By Published: March 22, 2018

Award-winning book explores parallel lives of two soldiers, martyr Nathan Hale and traitor Moses Dunbar


Conventional historical wisdom sees Nathan Hale as an American hero and Moses Dunbar as a traitor, but a University of Colorado Boulder historian argues that the two men who lived during the Revolutionary War had more in common and that their lives were more nuanced than people might believe.

Delving into social and personal narratives around the American Revolution, the war is revisited in The Martyr and the Traitor by Virginia Anderson, professor of history at CU Boulder.

Anderson

Virginia Anderson

The book, which won the 2017 Journal of the American Revolution Book of the Year, recounts the tale of two men who were both ultimately hanged by the opposing sides and explores the relativity of history and labels during the Revolutionary war.

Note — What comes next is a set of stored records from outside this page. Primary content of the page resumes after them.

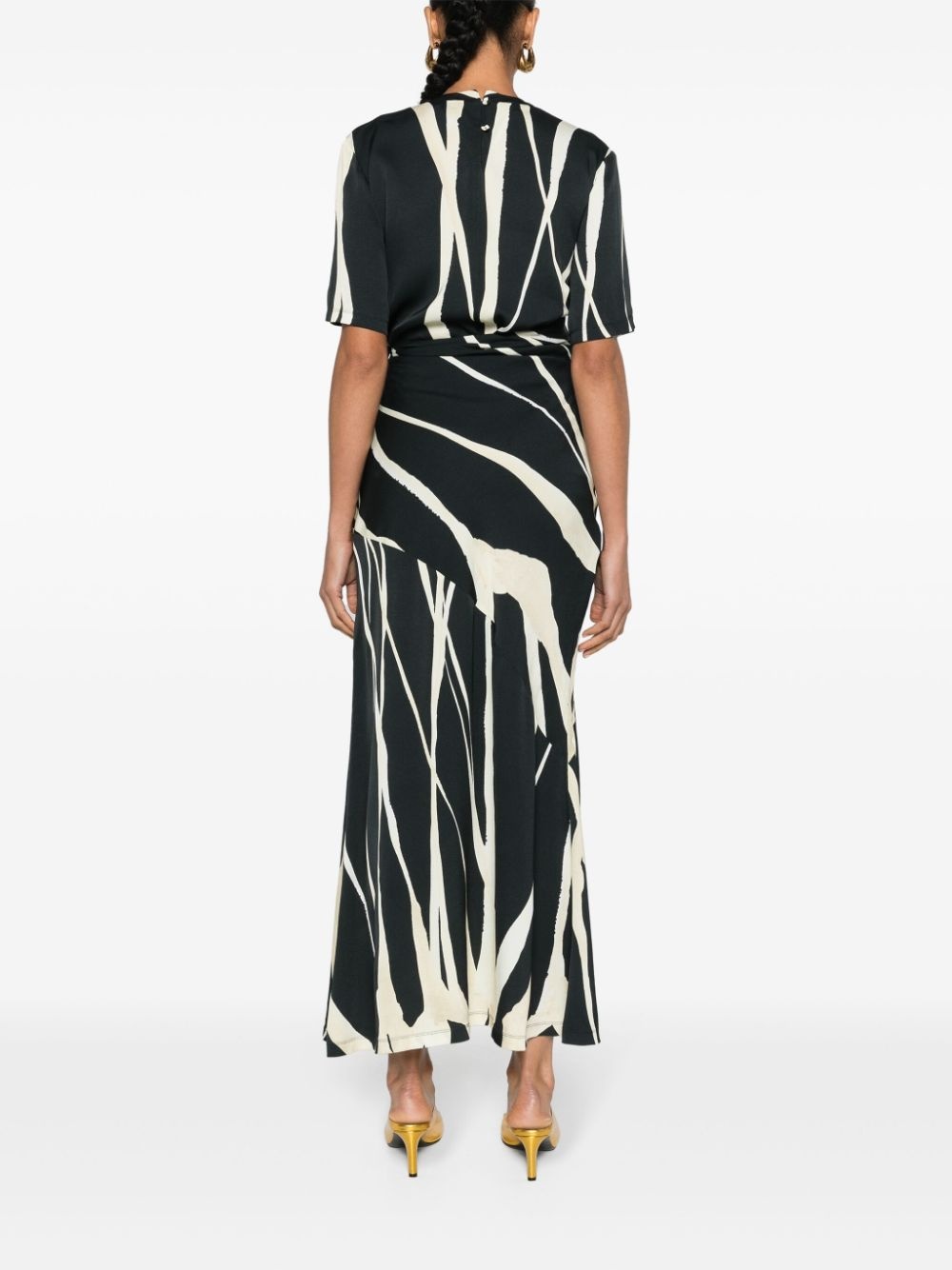 striped crepe midi dress - 4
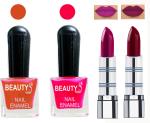 OUR BEAUTY Perfect Combo Of Velvet Matte Lipsticks Ultra Shine Nail Polish (Set Of 4)
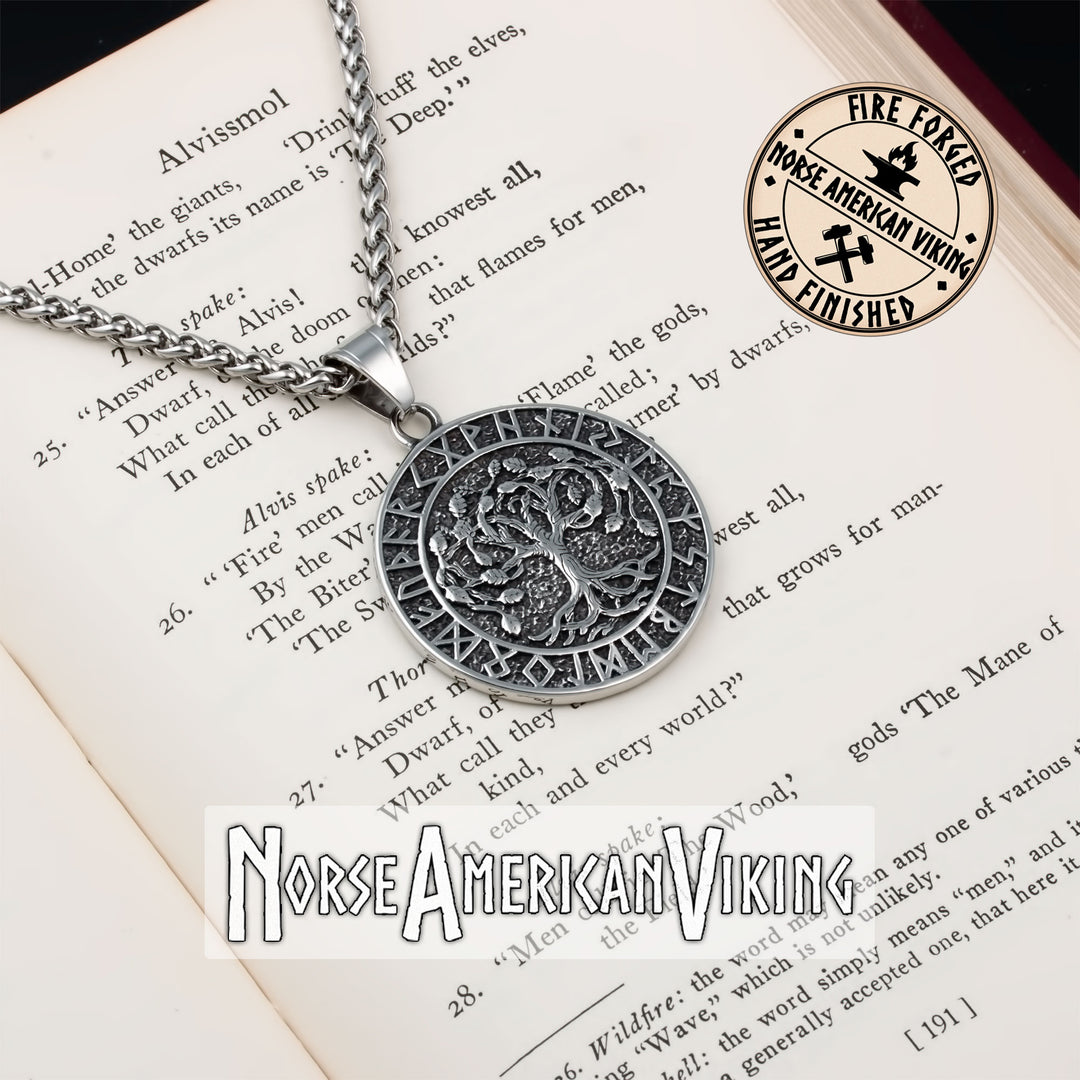 Viking Yggdrasil World Tree Rune Stainless Steel Pendant Necklace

Anderson became interested in Moses Dunbar while studying at the University of Connecticut as an undergraduate. The Martyr and the Traitor is a “passion project” which she has wanted to explore since then.

“I have been thinking my whole career I want to write a book about him,” Anderson says of Dunbar. “He and Hale were both Connecticut farm boys … The idea is how do people from similar backgrounds end up on opposite sides” of the war.

Dunbar, a man from Connecticut who enrolled in the king’s army, is one of only three men in the state’s history to be executed for treason. Hale, meanwhile, was on the other side of the war and executed while spying on British forces in New York. He is known for his famous last words: “I regret that I have only one life to give for my country.”

Most people revere Hale without really knowing much about him, Anderson says. She grew up in Connecticut, where Hale is “this great hero.” People know his last words, but they know little else, such as the fact that he was just 21 when executed.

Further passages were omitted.